Have you ever lost a loved one to suicide, lost a lover you had during an affair, had a strictly online relationship die, grieved an abortion, lost a beloved to a drug overdose, mourned infertility, experienced the loss of love life from an STI? Though you were fully accepting, did you ever mourn the change of your child’s gender identity? Have you ever grieved a family member’s political alignment, felt the loss of someone you cared for who was imprisoned? These are all examples of disenfranchised loss. Disenfranchised loss lives on the edges of societal mores and often carries taboo that leaves the griever isolated, stigmatised, rejected, and judged by their experience. All loss is deserving of compassion, understanding, and inclusion in access to care. Moral judgements are not only unnecessary but overtly damaging to the griever in that judgement can easily give way to humiliation, blaming, criticism, and intimidation.
When we find ourselves ready to judge a loss we would often do better to move into curiosity and compassion. Grief is universal. No one gets through life without experiencing loss. It is on this fertile ground of commonality that we can meet each other without need of perfect understanding. Telling someone who or what or how to grieve is nothing more than a sick attempt to control or worse coercive control and shouldn’t be tolerated in any family, business, or community.

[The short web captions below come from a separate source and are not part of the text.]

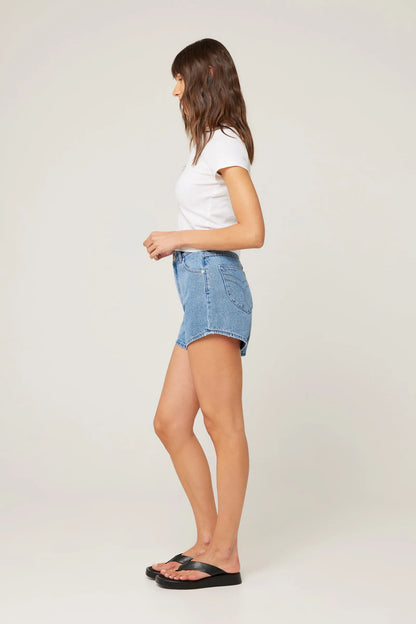 The denim short that keeps things effortlessly cool, every single time.

Meet the Rolla’s Mirage Short – Jenna, your easy, throw-on-and-go staple for laid-back days that still look put together. With a high rise and relaxed fit through the leg, these shorts strike that perfect balance between structured and effortless. The modest length adds comfort and coverage, making them an everyday favourite you won’t overthink.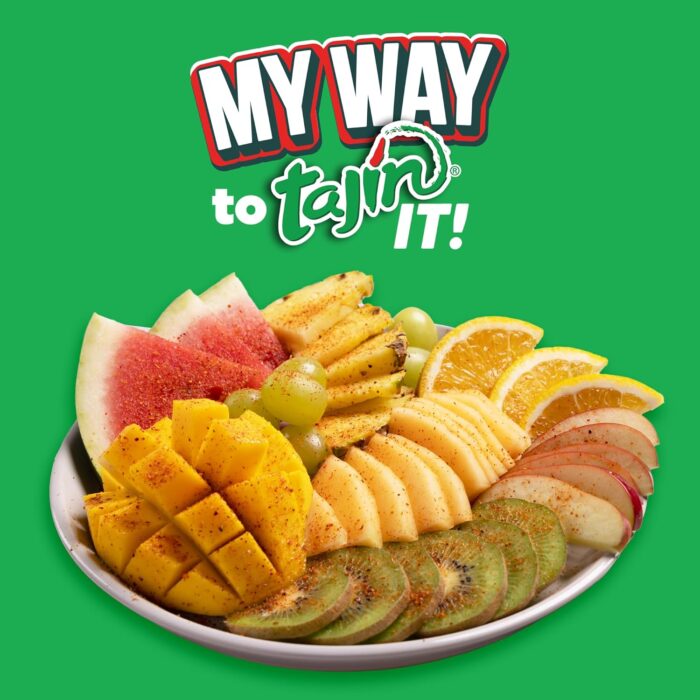 Tajin Fruit and Snack Seasoning (400g) Tajin Fruit and Snack Seasoning (400g)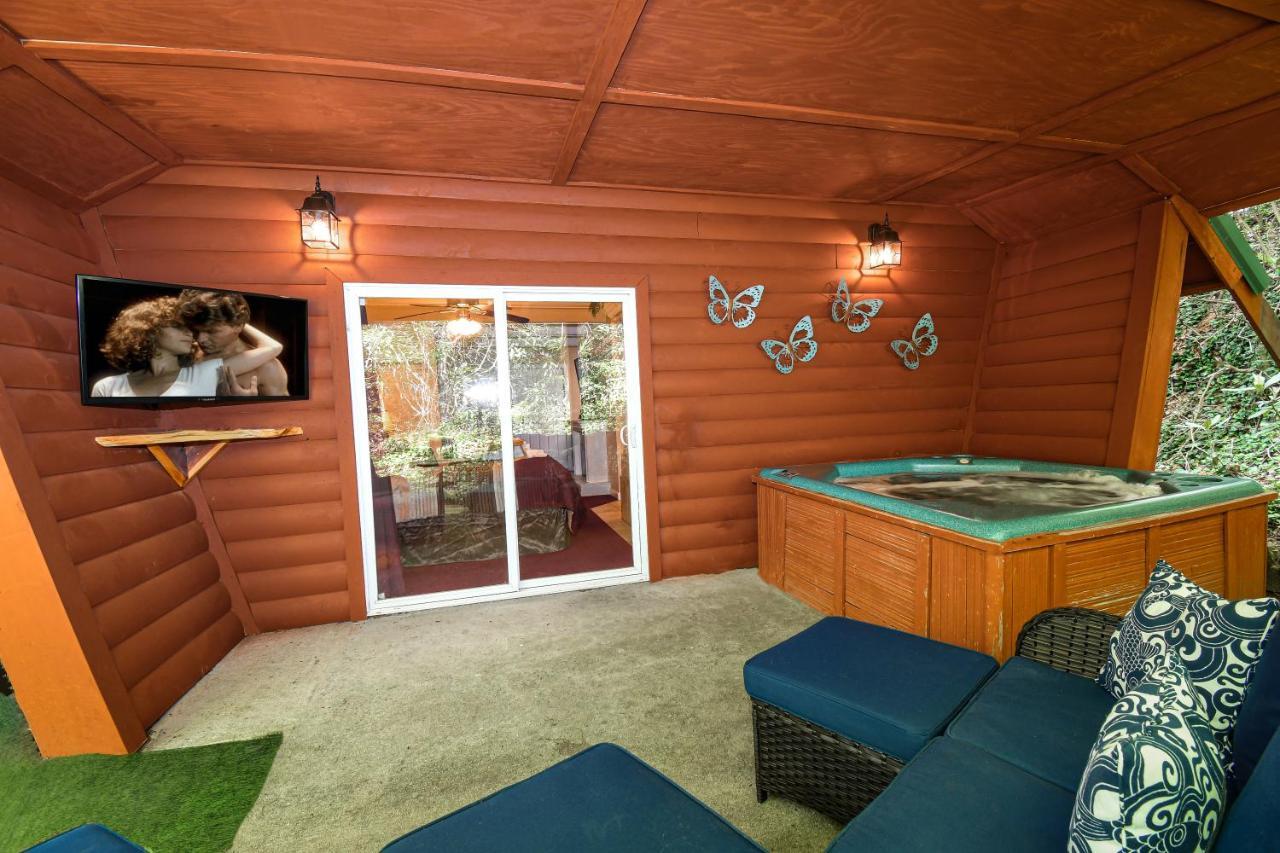 Garden Of Eden Villa Gatlinburg Exterior photo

So how do we make space to honor disenfranchised loss? We can start by creating safe spaces for sharing. Safe spaces for sharing can include meet ups, church groups, book clubs, social media communities with strict guidelines, programs within the workspace, personal story sharing via writing, video making, small socially distanced outdoor gatherings etc. What makes these spaces safe is having clearly defined boundaries around conduct and inclusion as well as an agreement to steer clear of platitudes or unsolicited advice.
When confused about how to address a disenfranchised loss remember compassion.